Bill studied the peeling white of the Haynes House, which would soon be filled with laughing children, and polyester-clad tourists, frowzy-headed college students, and the locals in their overalls and starched pink dresses.

Bill looked at the stage where Sammy Ray Hawkins would be playing tomorrow for the adoring crowds. Bill’s ex-wife would sit smugly at the foot of the stage and search the crowd for Bill's face. Her mouth would be thick with cherry lipstick, her hair cut in a style she had seen in some recent magazine. She would be wearing a poppy red blouse with a plunging vee front, the better to show off her unhindered chest. Her hair would dance across her laughing face, blown by the breeze that always seemed to follow her.

And Bill knew he would lust after her, if only for a moment. But maybe if he prepared himself now, if he prayed for strength, the desire would dissolve along with his hatred. And the scars on his heart where the Lord had healed him would not reopen and bleed fresh pain. It was strange to be thinking of her now when he had Nettie filling him, crowding his skin and mind and memory, filling his inner ear with her soft musical voice, but roots ran deep and vows lingered even when broken.

He only hoped Nettie wasn't regretting the afternoon. He didn't think so, but why hadn't she been at her apartment waiting to meet him as planned?

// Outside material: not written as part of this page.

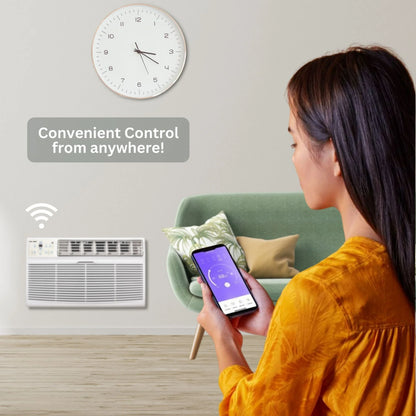 Olmo 12,000 BTU Smart Window / TTW Through-Wall AC – Cool Only 230V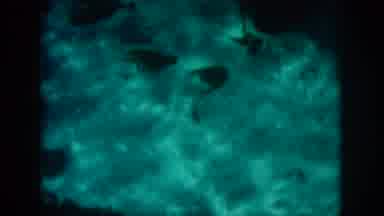 New Orleans Louisiana USA (1958): An Eerie Look At The Bottom Of The Ocean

Bill’s stomach knotted. He was sure that, somewhere down in those orange flickering pits, the devil was laughing at him. What a great joke the devil had played. Gotten Bill to turn away from God and answer the human call of his weak heart. Convinced Bill to commit sin with a virtuous woman, an act that condemned her to damnation as well. He could practically hear the Prince of Lies licking his dry lips in anticipation of torturing Nettie for an eternity.

But, damnit-excuse me, Lord-it hadn't felt wrong or dirty. It had felt real and right and joyful, there on the blanket in the meadow under the eye of God. It felt like love, something that had its own kind of glory, something that no Red-tailed Son-of-a-So-and-So Fallen Angel could taint and twist into something foul. And God damn-excuse me, Lord-any demon or human that tries to come between me and my newfound soul mate.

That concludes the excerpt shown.